Before 9/11, psychologists typically considered only children who witnessed trauma or experienced a direct loss to be at higher risk for mental health consequences in the ensuing weeks and months, Gurwitch said. The attacks on 9/11, and the saturation and repetition of those terrifying images, changed that.

“Many children were too young to understand that what they were seeing was the same footage being repeated,” Gurwitch said. “They thought more and more towers were falling.”

The events opened a new sphere of awareness and research on how large-scale crises affect children, she said, including new national resources to address their mental health.

The National Child Traumatic Stress Network (NCTSN) was in its infancy in September 2001, having just received millions of dollars from the Substance Abuse and Mental Health Services Administration (SAMSHA) to support children’s mental health. Immediately after the attacks, SAMSHA and NCTSN began efforts to support children touched by large-scale trauma -- and specifically acts of terrorism.

In addition to providing on-the-ground support during crises, Gurwitch and other experts with the network have trained news media on how to cover tragedy and trauma while considering the minds of their youngest viewers.

The events on 9/11 and the U.S. military response that followed also created a generation of more than 2 million children who have had a parent deployed to Iraq or Afghanistan.
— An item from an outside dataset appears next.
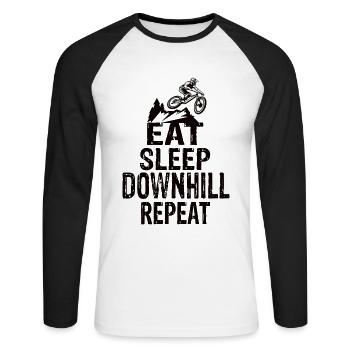 Eat Sleep Downhill Repeat - Unisex Long Sleeve Baseball T-Shirt - white/black - Front - Nik (191cm)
Mental health services for these children and families have expanded over the past two decades, Gurwitch said.

“During the Vietnam War, the typical service member was a single man,” Gurwitch said. “Almost 50 percent of service members now are parents, and a majority of them have a child under age 8. These children don’t know anything different than a world where a parent can be deployed, and they won’t see them for months at a time.”

In a new era of digital and social media, children have unprecedented and direct access to images and information -- much of it, unfiltered -- such as recent footage of a police shooting streamed on Facebook Live.

A parent’s first instinct is to shield their child completely. But select information worded in an age-appropriate way can offer children clarity and reassurance, Gurwitch said. Gurwitch, in partnership with the American Psychological Association, offers suggestions for parents in talking to their children:

  • Limit exposure to news coverage and social media.
  • Start a conversation. Ask children what they know and correct rumors, misinformation and misperceptions.
  • Ask how they’re feeling and validate their feelings.
  • Recognize that talking about events and sharing their feelings can be difficult; it takes trust, courage, and support to share their thoughts.
  • Don’t be afraid to say “I don't know,” to questions such as why someone would commit an act of violence or terrorism. Answer in an age-appropriate way to the best of your abilities.
  • Use the events to discuss your values and beliefs about how we treat others.